Exercise objective:
Every line from the one that contains "Ο πρώην δήμαρχος" to the end of the material below should be output exactly, with both ends included and nothing else.
*** Study material Section Begins ***
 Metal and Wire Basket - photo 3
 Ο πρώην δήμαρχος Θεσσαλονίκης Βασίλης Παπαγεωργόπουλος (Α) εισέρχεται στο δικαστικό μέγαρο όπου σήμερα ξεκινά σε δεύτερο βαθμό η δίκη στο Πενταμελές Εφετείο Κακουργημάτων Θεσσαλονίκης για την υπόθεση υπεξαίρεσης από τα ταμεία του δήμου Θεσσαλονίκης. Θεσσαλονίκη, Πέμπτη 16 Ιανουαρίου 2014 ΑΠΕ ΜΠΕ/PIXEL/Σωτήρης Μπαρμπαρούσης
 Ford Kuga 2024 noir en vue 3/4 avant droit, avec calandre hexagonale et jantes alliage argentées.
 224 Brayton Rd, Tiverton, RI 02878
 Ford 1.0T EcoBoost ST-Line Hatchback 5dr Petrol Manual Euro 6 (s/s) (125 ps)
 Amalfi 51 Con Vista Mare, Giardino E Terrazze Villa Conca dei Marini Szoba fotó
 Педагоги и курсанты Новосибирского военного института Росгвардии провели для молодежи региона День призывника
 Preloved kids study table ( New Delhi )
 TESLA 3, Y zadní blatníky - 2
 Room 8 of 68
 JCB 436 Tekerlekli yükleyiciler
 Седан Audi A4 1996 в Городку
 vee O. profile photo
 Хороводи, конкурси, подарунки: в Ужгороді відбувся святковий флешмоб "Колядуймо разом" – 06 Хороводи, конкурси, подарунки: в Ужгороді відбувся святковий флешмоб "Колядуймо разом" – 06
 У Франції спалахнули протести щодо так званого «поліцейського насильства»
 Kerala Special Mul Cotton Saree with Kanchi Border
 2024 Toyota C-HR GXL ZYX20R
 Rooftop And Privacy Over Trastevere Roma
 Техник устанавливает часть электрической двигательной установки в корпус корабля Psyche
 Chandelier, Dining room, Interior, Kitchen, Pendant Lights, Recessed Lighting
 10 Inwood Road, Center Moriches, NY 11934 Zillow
*** Study material Section Ends ***
Your solution:
 Ο πρώην δήμαρχος Θεσσαλονίκης Βασίλης Παπαγεωργόπουλος (Α) εισέρχεται στο δικαστικό μέγαρο όπου σήμερα ξεκινά σε δεύτερο βαθμό η δίκη στο Πενταμελές Εφετείο Κακουργημάτων Θεσσαλονίκης για την υπόθεση υπεξαίρεσης από τα ταμεία του δήμου Θεσσαλονίκης. Θεσσαλονίκη, Πέμπτη 16 Ιανουαρίου 2014 ΑΠΕ ΜΠΕ/PIXEL/Σωτήρης Μπαρμπαρούσης
 Ford Kuga 2024 noir en vue 3/4 avant droit, avec calandre hexagonale et jantes alliage argentées.
 224 Brayton Rd, Tiverton, RI 02878
 Ford 1.0T EcoBoost ST-Line Hatchback 5dr Petrol Manual Euro 6 (s/s) (125 ps)
 Amalfi 51 Con Vista Mare, Giardino E Terrazze Villa Conca dei Marini Szoba fotó
 Педагоги и курсанты Новосибирского военного института Росгвардии провели для молодежи региона День призывника
 Preloved kids study table ( New Delhi )
 TESLA 3, Y zadní blatníky - 2
 Room 8 of 68
 JCB 436 Tekerlekli yükleyiciler
 Седан Audi A4 1996 в Городку
 vee O. profile photo
 Хороводи, конкурси, подарунки: в Ужгороді відбувся святковий флешмоб "Колядуймо разом" – 06 Хороводи, конкурси, подарунки: в Ужгороді відбувся святковий флешмоб "Колядуймо разом" – 06
 У Франції спалахнули протести щодо так званого «поліцейського насильства»
 Kerala Special Mul Cotton Saree with Kanchi Border
 2024 Toyota C-HR GXL ZYX20R
 Rooftop And Privacy Over Trastevere Roma
 Техник устанавливает часть электрической двигательной установки в корпус корабля Psyche
 Chandelier, Dining room, Interior, Kitchen, Pendant Lights, Recessed Lighting
 10 Inwood Road, Center Moriches, NY 11934 Zillow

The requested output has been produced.